Friday, April 4, 2008

Week 7

Friday March 28,

Hope and Lily pack up and return to the ol’ USofA. I am jealous. When I last wrote, let me see, we had no lights one day, no electricity in the outlets the next, no hot water for two days, and was told by “Horace”, no internet, but apparently that still works. So Friday comes along, Hope and Lily take off and I go to do a load of laundry and take a shower. NO water! No hot, no cold, nada. Joy of Joys! It is raining in Beijing for the first time in six weeks, and ironically TODAY there is no water. I pick up the apartment, move the furniture, rummage through collected debris, and about two hours later, the water is running, brown at first, but then clear, so I do the laundry and take my shower. The heat has been off for a few weeks, everywhere in Beijing, but today is so damp the laundry is taking forever to dry. Katie comes home from school and we hang around here, have some of our glorious Annie’s mac and cheese for dinner. She plays computer games while I watch the movie “Michael Clayton” that Celine gave me on the other computer.
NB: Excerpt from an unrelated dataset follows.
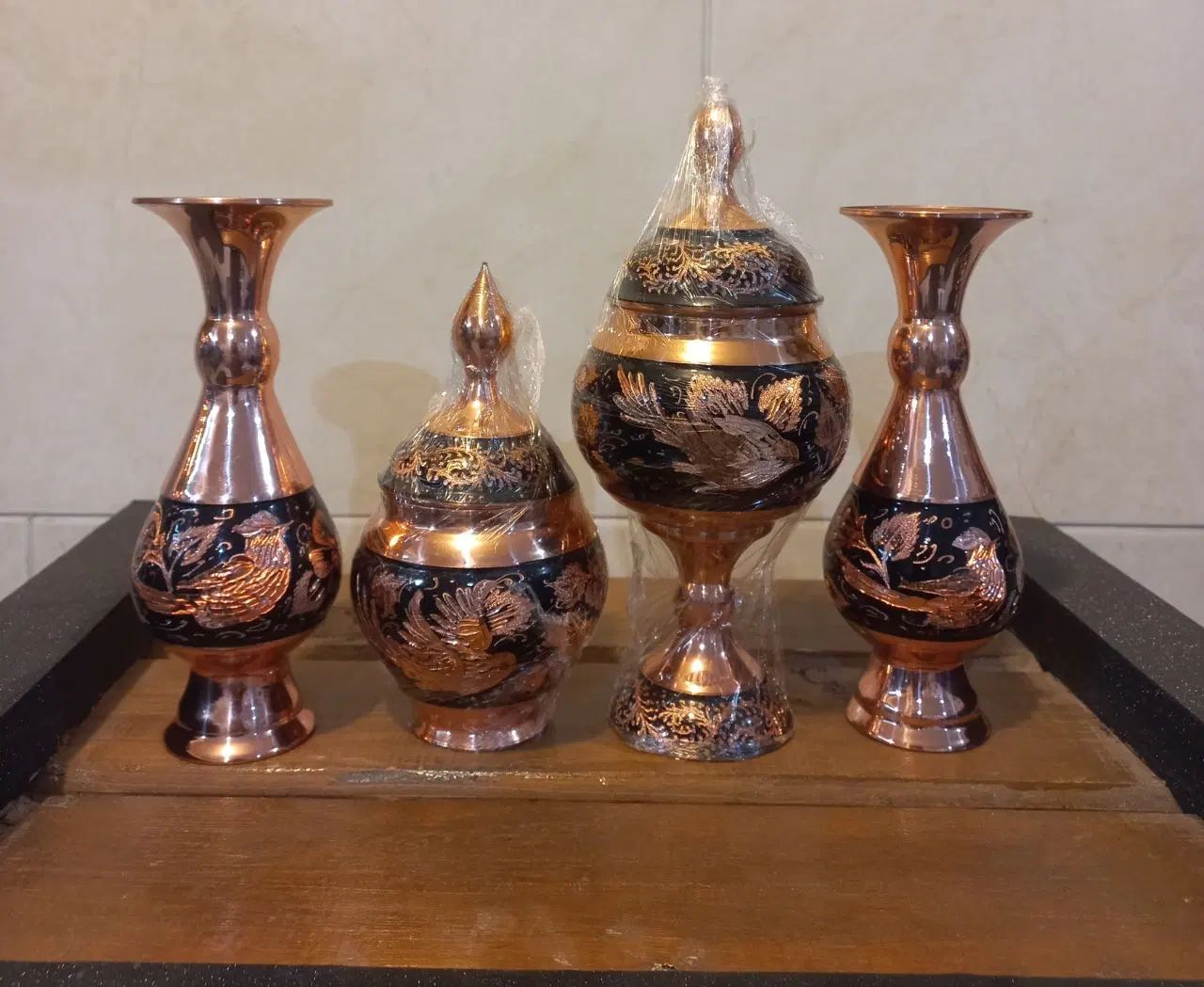شیرینی خوری.شکلات خوری.قندان.گلدان.الماس|صنایع دستی و سایر لوازم تزئینی|اصفهان, شیخ اشراق|دیوار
It is the first day since I have been here that I did not leave the apartment. I needed a down day.

Saturday March 29

Wake up and first thing I do is use the toilet and attempt to flush, but it overflows. I am plunging like a maniac, but no dice. The lovely contents are spilling over. I clean up as much as possible, get dressed and call Mercy. I’ve had enough. This place is a disaster. Like a little exclamation point, the curtain rod that holds up the shower curtain crashed on Katie’s head during her shower this morning. I tell Mercy to get a plumber over here asap. She says she’ll come over herself, but I say that won’t do. I am taking Katie to a friend’s and I will be out until it is fixed.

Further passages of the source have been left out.